═════ Data supplied

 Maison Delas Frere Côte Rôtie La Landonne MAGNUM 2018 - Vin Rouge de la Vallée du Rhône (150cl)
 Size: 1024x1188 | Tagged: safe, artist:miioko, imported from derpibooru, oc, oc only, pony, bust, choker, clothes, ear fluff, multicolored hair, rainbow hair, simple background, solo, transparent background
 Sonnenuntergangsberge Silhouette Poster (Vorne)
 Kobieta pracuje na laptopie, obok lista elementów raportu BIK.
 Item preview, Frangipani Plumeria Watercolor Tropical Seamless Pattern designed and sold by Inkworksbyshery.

══════════

§ **Requirement**: There is one span to return: the line holding "Kobieta pracuje na" and every line after it through the end of the listing above; please give it exactly and add nothing.

§ **Task output**:
 Kobieta pracuje na laptopie, obok lista elementów raportu BIK.
 Item preview, Frangipani Plumeria Watercolor Tropical Seamless Pattern designed and sold by Inkworksbyshery.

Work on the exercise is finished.